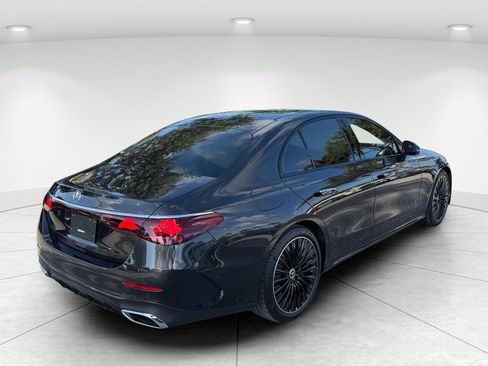 Used 2025 Mercedes-Benz E 350 Sedan image 4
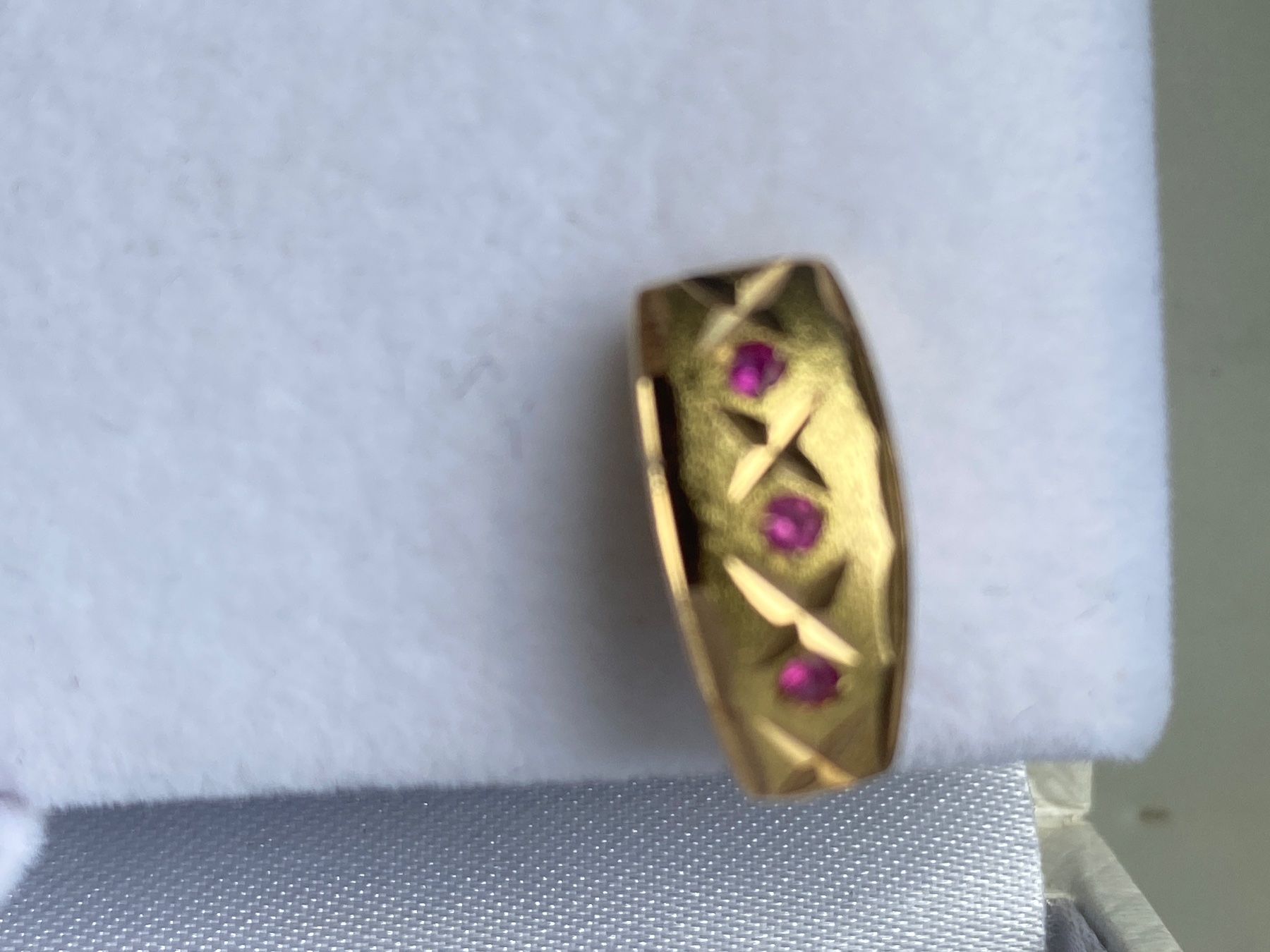 Orecchini pendenti & Orecchini a lobo: Gold Ohrringen mit Anhänger – Usato da Liestal venduto da marieugenia 1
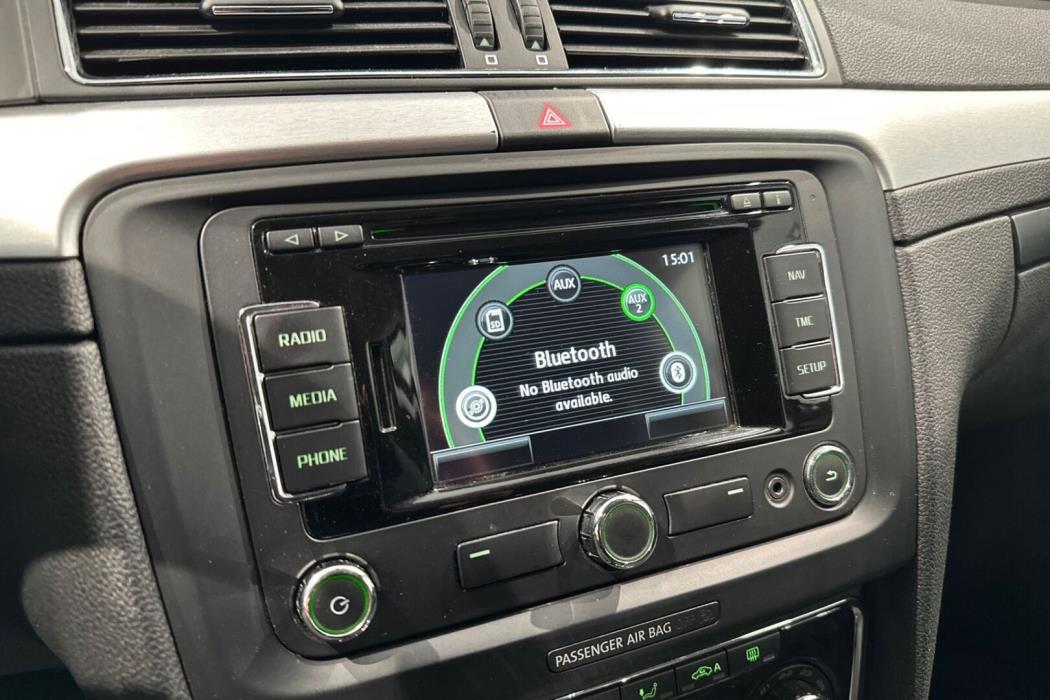 SKODA Superb 2014
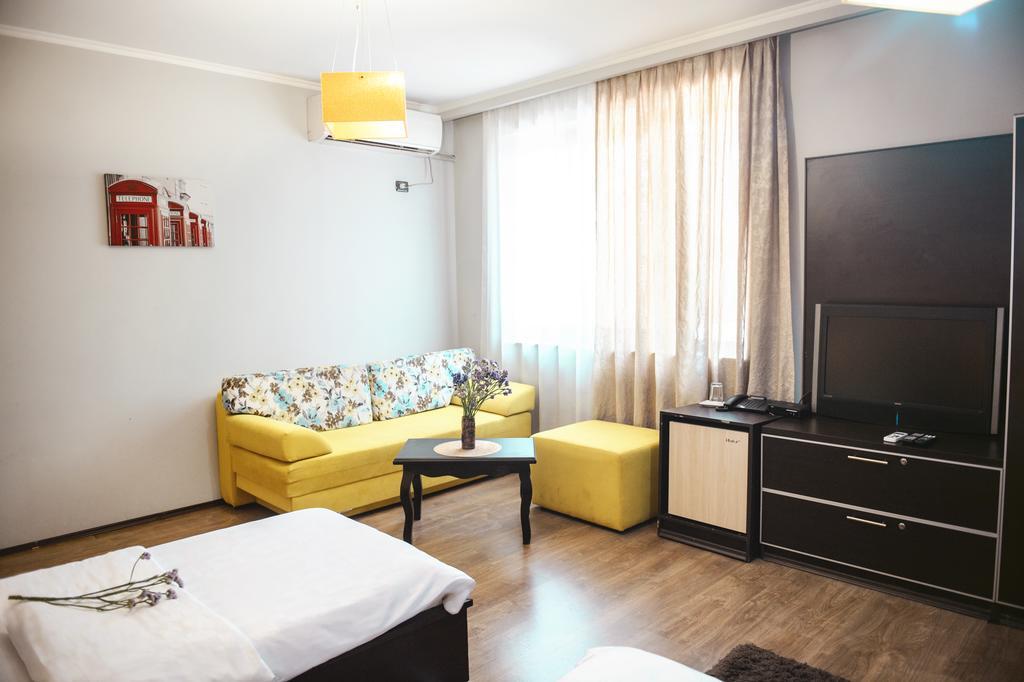 Hotel Eagle Tirana Eksteriør billede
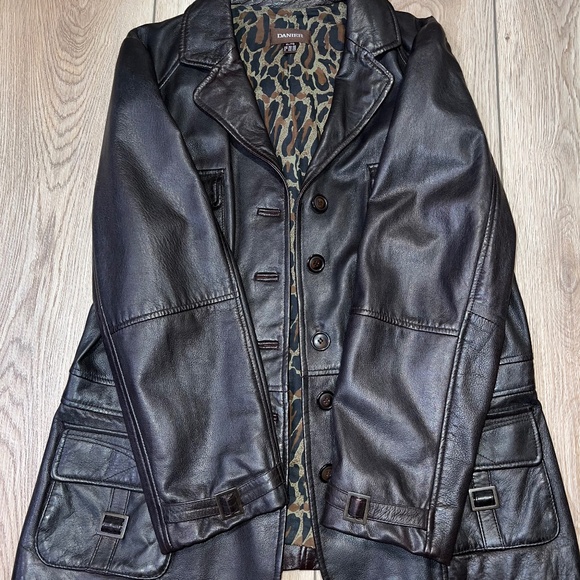 Vintage Women's Danier Genuine Leather Jacket - Picture 3 of 8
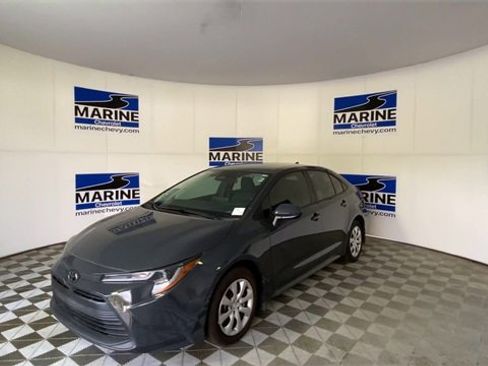 Used 2025 Toyota Corolla LE image 6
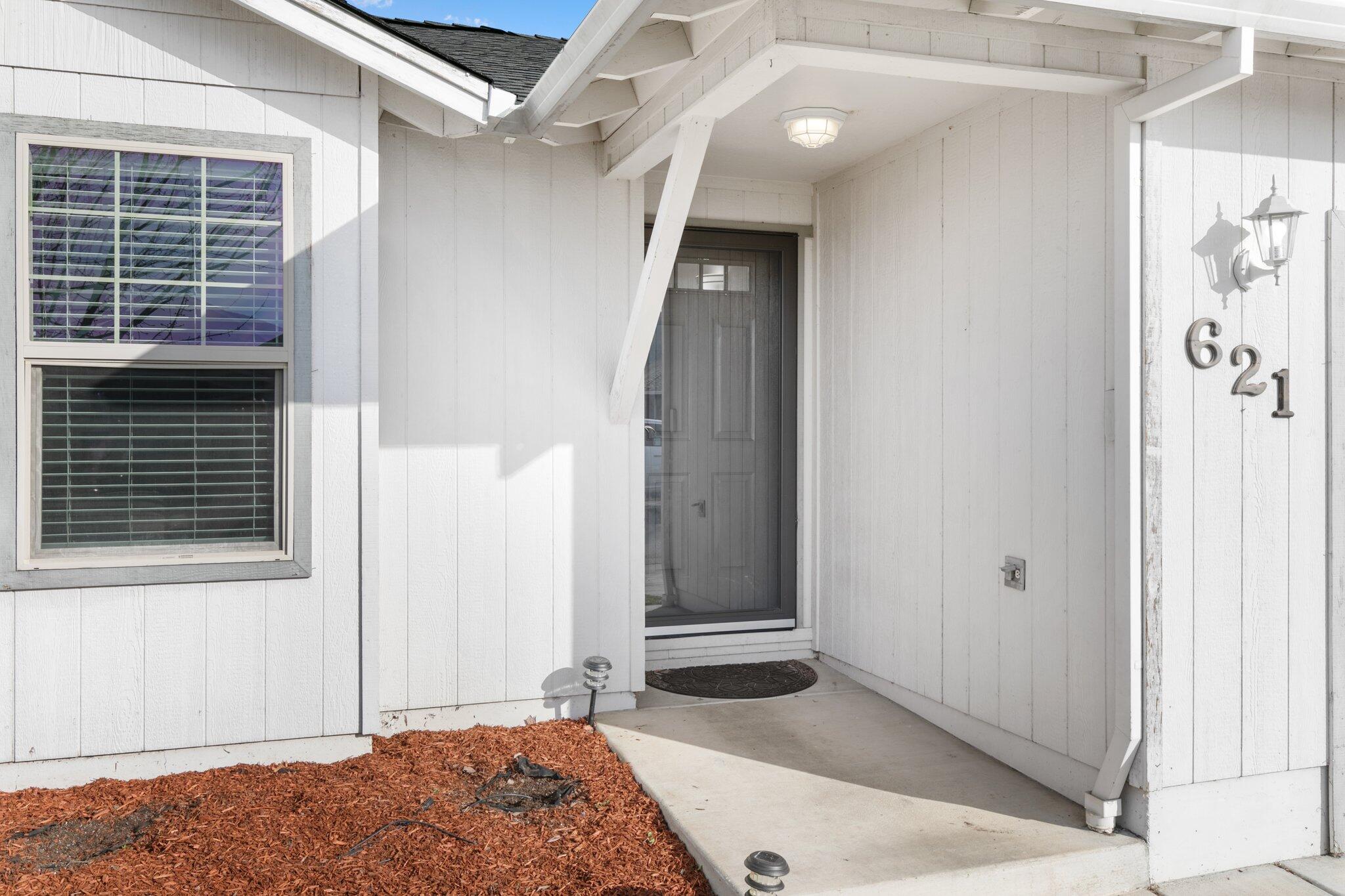 621 Karic Way Eagle Point, OR 97524 - Photo 4 of 21 4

**About this exercise**
Leaving out the pictures, return exactly the lines from the one that contains "SKODA Superb 2014" through the last line of the records above, inclusive.

**Output of the exercise**
 SKODA Superb 2014
 Hotel Eagle Tirana Eksteriør billede
 Vintage Women's Danier Genuine Leather Jacket - Picture 3 of 8
 Used 2025 Toyota Corolla LE image 6
 621 Karic Way Eagle Point, OR 97524 - Photo 4 of 21 4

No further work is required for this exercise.